And they ascertained that a final April 2009 e-mail announcing a "marriage to Nadia" between the 15th and the 20th was a signal that a terrorist attack was imminent, according to British court documents.

It is unclear exactly how British intelligence linked the Pakistani e-mail address to a senior al-Qaeda operative who communicated in a kind of code to his distant allies.

But the intelligence helped stop the plot in England, and the address made its way to the US National Security Agency (NSA).

A few months later, the NSA was monitoring the Yahoo user in Pakistan when a peculiar message arrived from a man named Najibullah Zazi, an Afghan American living in Colorado. He asked about "mixing of [flavour and ghee oil] and I do not know the amount, plz right away."

Soon after, on September 9, 2009, a second message arrived that echoed the code used in the British plot: "The marriage is ready," Zazi wrote.

The e-mails led the NSA to alert the FBI, which obtained a court order to place Zazi under more extensive surveillance. Officials learned that he had visited Pakistan in 2008, the same time as one of the British plotters.

In the end, the e-mails and additional surveillance foiled a plot by Zazi and two others to conduct suicide bombings in the New York subway system just days after he sent the "marriage is ready" e-mail. In recent days, US intelligence and law enforcement officials, as well as congressional officials, have pointed to the authority that allowed them to target the Yahoo account - Section 702 of the Foreign Intelligence Surveillance Act (FISA) - as a critical tool in identifying and disrupting terrorist plots in the US and abroad.

But some critics of NSA surveillance suggested that the collection of data under a programme called Prism was not essential to Zazi's capture because the British first obtained the critical e-mail address.

Still, the case study provides a rare glimpse of how the broad surveillance practices of the United States, often in concert with allies, are deployed.

"The 702 programme has been enormously useful in a large number of terrorist cases," said a US official who has access to classified records on NSA programmes. "It's beyond dispute that it is highly effective. It operates exactly as anyone paying attention would have expected it to operate based on floor debate and plain reading of law."

Passage of Section 702 as an amendment to FISA in 2008 gave the government the authority to request information from US telecommunications companies on foreign targets located overseas without a court order for each individual case.

The broad authority is reviewed and renewed annually by the FISA court, although the law does not preclude making a specific request for surveillance.

"It appears the NSA did not need any of the expanded authorities conferred by Section 702 to monitor the communications at issue," said Elizabeth Goitein, co-director of the Brennan Centre for Justice's Liberty and National Security Programme. "The government easily could have met this standard if it certified that the targets were al-Qaeda terrorists in Pakistan."

But US officials argue that, given the flood of leads in today's interconnected world, the system would get bogged down and they could miss plots if they had to go before the court every time they got information about potential foreign suspects.

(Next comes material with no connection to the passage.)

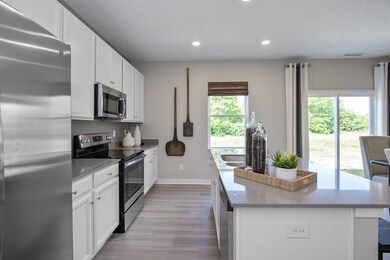 Photos shown may be an artist rendering, model home, or of the same model due to current construction stage different location.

The officials said they used material from multiple sources - allies, agents, informants and other investigations - to provide rolling targeting information for the Prism program.

They also said if the Yahoo address had not been included, Zazi might not have been identified just days before the attacks were set to occur. In testimony before Congress on Tuesday, senior intelligence and law enforcement officials said that recently revealed surveillance programmes have disrupted more than 50 "potential terrorist events", including at least 10 plots with a connection in the US.

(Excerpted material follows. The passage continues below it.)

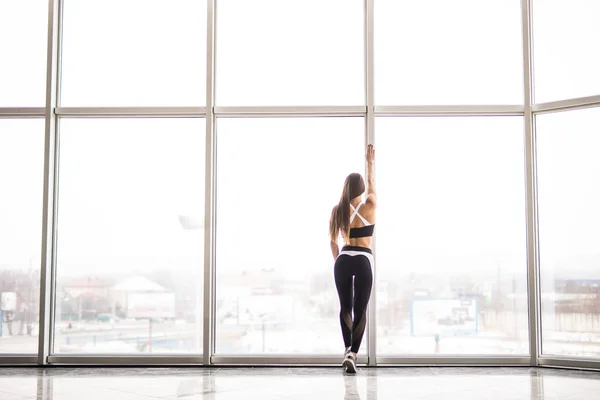Siluet gadis sporty sebelum pelatihan terhadap jendela panorama di gym — Stok Foto
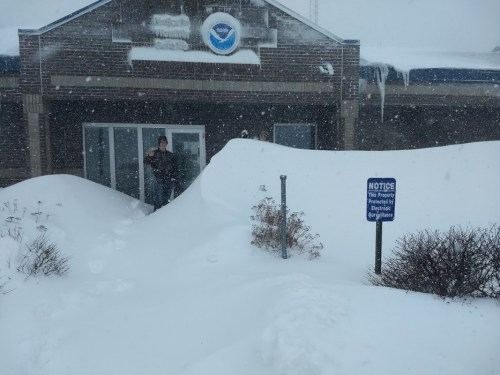 A person stands by a snow-covered entrance, with deep snow drifts and a "Notice" sign visible in the foreground.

The Zazi case was one of four that officials used in recent days to defend the effectiveness of the surveillance programmes. One of the others was a planned attack on a Danish newspaper that involved a Pakistani American, David Headley.

Sean Joyce, the deputy director of the FBI, described the other two potential attacks on Tuesday in testimony before the House Intelligence Committee. In one, Joyce said, the NSA was monitoring "a known extremist in Yemen" when it learned that the individual was in contact with a man in Kansas City, Missouri.

Joyce said Khalid Ouazzani and two co-conspirators were plotting to bomb the New York Stock Exchange.

Ouazzani pleaded guilty in 2010 to supporting a terrorist organisation, bank fraud and overseas money laundering. His co-conspirators also pleaded guilty to terrorism charges.

In the other incident, phone records helped identify a San Diego man who was financing a terrorist group overseas, apparently al-Shabab in Somalia.

"Investigating terrorism is not an exact science. It's like a mosaic," Joyce said. "We try to take these disparate pieces and bring them together to form a picture. There are many different pieces of intelligence.

"We have assets. We have physical surveillance. We have electronic surveillance through a legal process, phone records through additional legal process, financial records.

"Also, these programmes that we're talking about here today, they're all valuable pieces to bring that mosaic together."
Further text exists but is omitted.